Cryptography in web applications: a false sense of security?

Does your framework of choice offer an easy way to perform data encryption? Maybe you have even utilized data encryption in some format. Something like:

$secret = Crypter::encrypt('Secret data');

It could not be much easier than that. It is hard to argue. But things won’t stay as simple as this if you look at the meaning of “secure data encryption” a little bit closer.

Usually people encrypt their data to make sure the data will stay safe. What does this actually mean? Simply put, it means your data stays secret as long as the secret key stays secret. No matter if an active attack is going on and the adversary can read your encrypted data.

But does people expect to achieve something more when they use encryption? Probably yes. Often people think they secure their application if they magically use encryption. Now we get to the point.

Encryption itself is most of the time useless as is. Encrypted data is malleable, which means the adversary can change the contents of your plaintext by modifying the ciphertext. This is something a secure system should not let happen under any circumstances.

If we look at block ciphers like AES for example, it is often forgotten that plain block ciphers won’t help you that far. This is because they encrypt only fixed-size blocks. If your plaintext is not exactly one block long, you have to dig a bit deeper and make your block cipher work in certain “mode”. It is also forgotten because it is easy to forget. The underlying encryption library (like MCrypt) forces you to use some mode, or maybe it hiddenly defaults to ECB. It doesn’t care which mode, as long as you pass in a mode it can handle. All is good and you can encrypt arbitary length messages. Same goes with padding, it is done automatically. However, automatic padding itself probably won’t have such a security meaning as automatic encryption mode.

History has shown that letting people choose arguments like encryption mode leads usually to no good. How would an average software developer know which “encryption mode” should be used?

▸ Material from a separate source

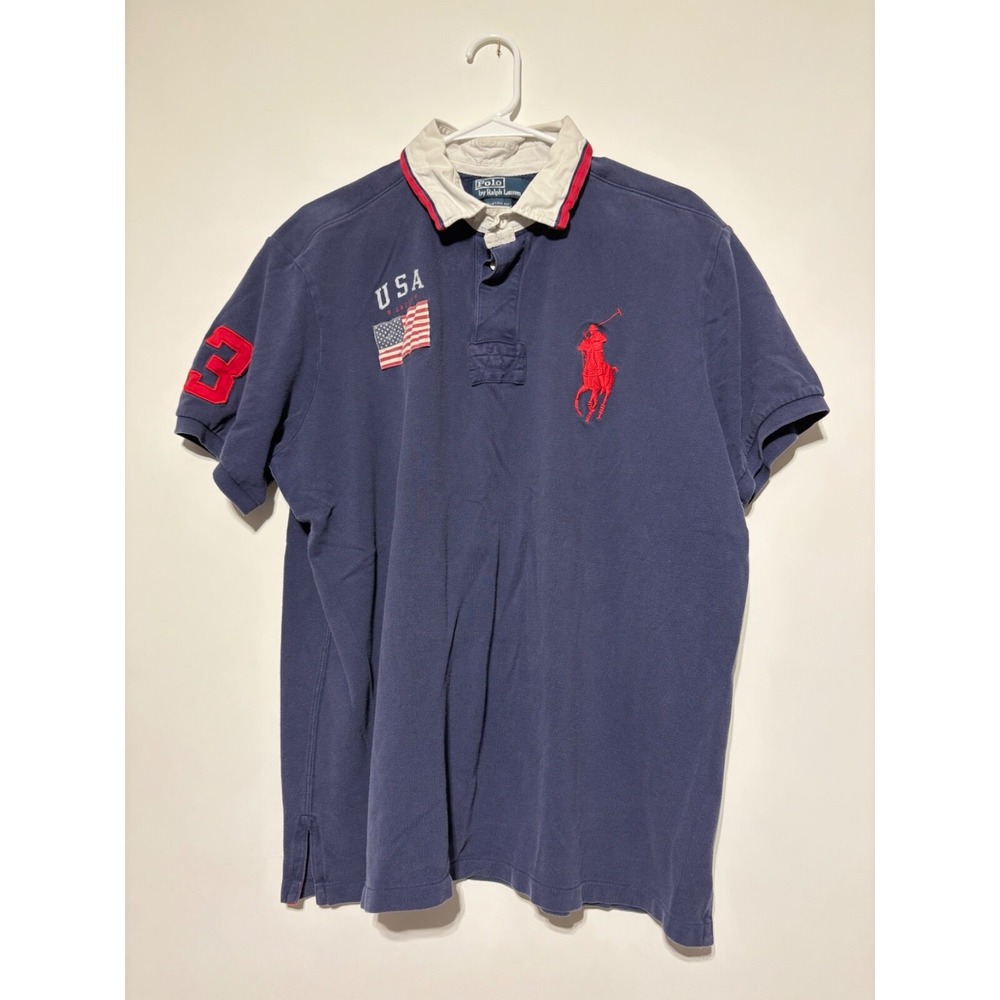 Polo Ralph Lauren Men Size XXL Blue Vintage USA Shirt Big Pony USA Faded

To get back to the ciphertext malleability, we could counter the issue by using an appropriate encryption mode. But quite often you have to do authentication by hand, because the underlying encryption library does not support authenticated encryption modes. Which means you need to use some sort of MAC. We are again in a situation where you have to choose something. This time it is which MAC to use.

You could end up using HMAC. But yet again you have to choose do you first encrypt the plaintext and then calculate the MAC from the resulted ciphertext, or do you first calculate the MAC code for the plaintext and then encrypt the MAC code with the plaintext and after decrypting you check if the MAC code is correct. Et cetera.

It is also good to keep the bigger picture in mind. I mentioned about authenticating ciphertext or plaintext using a MAC code. Lets go with a route where we authenticate the ciphertext. It is so called “Encrypt-Then-MAC” composition. But if you look more closely you will notice changes are that the plaintext could be modified if our adversary can mangle with the initialization vector. To put it simple, you have to also know you need to include all the related pieces of data under your MAC. Not just the ciphertext.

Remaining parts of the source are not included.